> PROBLEM: Once you reach the line containing "Zgar GENKIIPPAI PODS" in the data below, restate each line word for word up to and including the one containing "Varaždin - gradska".

> RECORD EXTRACTS:
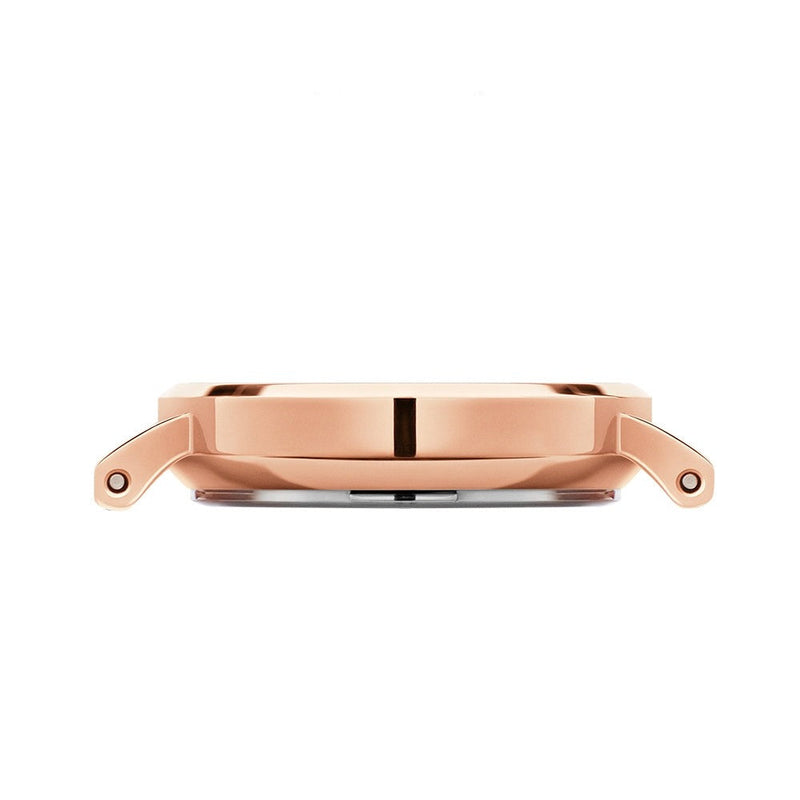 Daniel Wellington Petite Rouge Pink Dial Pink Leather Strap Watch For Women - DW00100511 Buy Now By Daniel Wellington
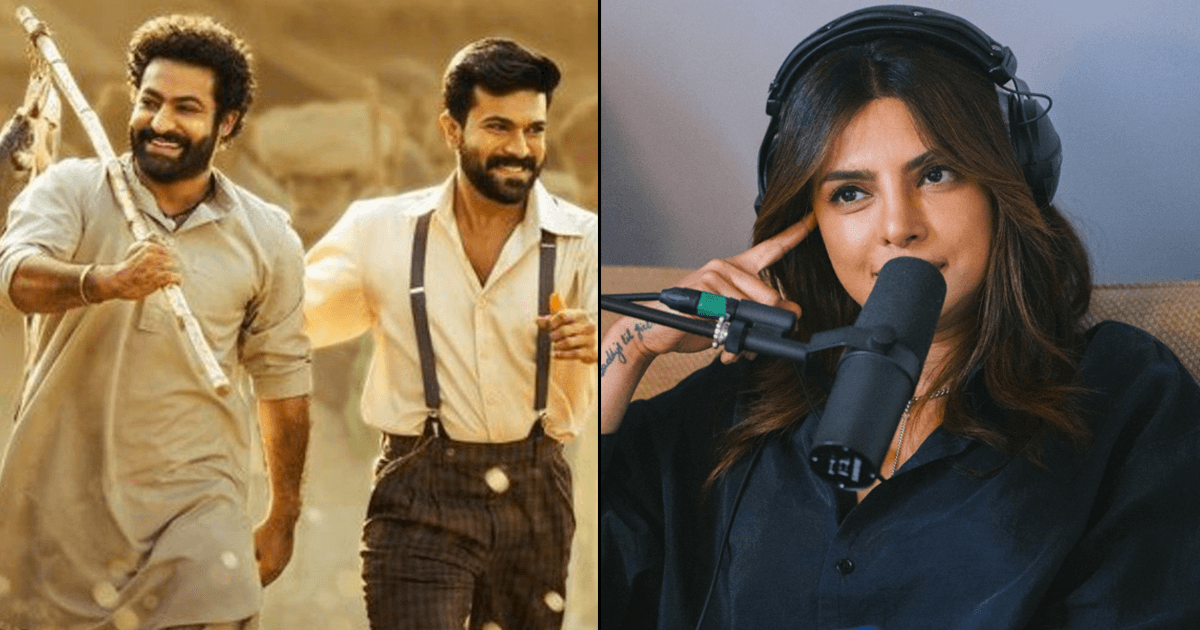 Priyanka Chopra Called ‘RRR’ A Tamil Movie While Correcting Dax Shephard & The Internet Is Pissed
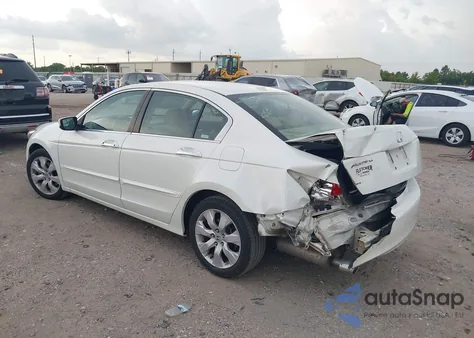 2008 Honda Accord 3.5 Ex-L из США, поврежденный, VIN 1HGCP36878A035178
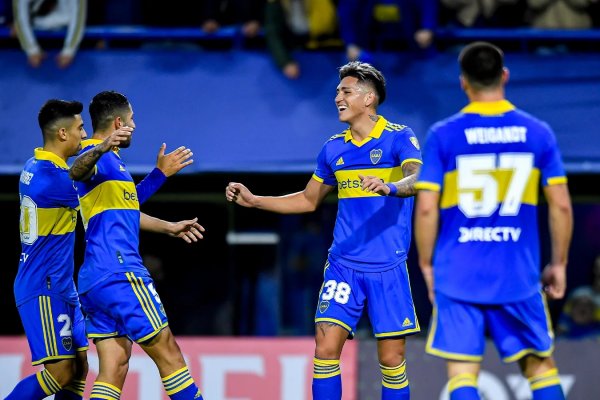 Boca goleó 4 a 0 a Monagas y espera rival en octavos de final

---

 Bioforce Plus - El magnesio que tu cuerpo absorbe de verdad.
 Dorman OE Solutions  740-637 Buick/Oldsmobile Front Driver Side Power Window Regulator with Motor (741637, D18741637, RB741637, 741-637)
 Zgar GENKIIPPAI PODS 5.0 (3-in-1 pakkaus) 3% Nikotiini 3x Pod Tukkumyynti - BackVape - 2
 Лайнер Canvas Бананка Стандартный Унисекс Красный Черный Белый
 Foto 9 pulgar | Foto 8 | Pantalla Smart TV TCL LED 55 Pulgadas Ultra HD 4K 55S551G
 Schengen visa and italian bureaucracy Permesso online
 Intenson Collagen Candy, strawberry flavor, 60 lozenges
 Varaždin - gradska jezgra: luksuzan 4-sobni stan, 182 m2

---

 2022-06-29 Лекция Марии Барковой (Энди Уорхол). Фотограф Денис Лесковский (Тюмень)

> RESPONSE FOR THIS EXERCISE:
 Zgar GENKIIPPAI PODS 5.0 (3-in-1 pakkaus) 3% Nikotiini 3x Pod Tukkumyynti - BackVape - 2
 Лайнер Canvas Бананка Стандартный Унисекс Красный Черный Белый
 Foto 9 pulgar | Foto 8 | Pantalla Smart TV TCL LED 55 Pulgadas Ultra HD 4K 55S551G
 Schengen visa and italian bureaucracy Permesso online
 Intenson Collagen Candy, strawberry flavor, 60 lozenges
 Varaždin - gradska jezgra: luksuzan 4-sobni stan, 182 m2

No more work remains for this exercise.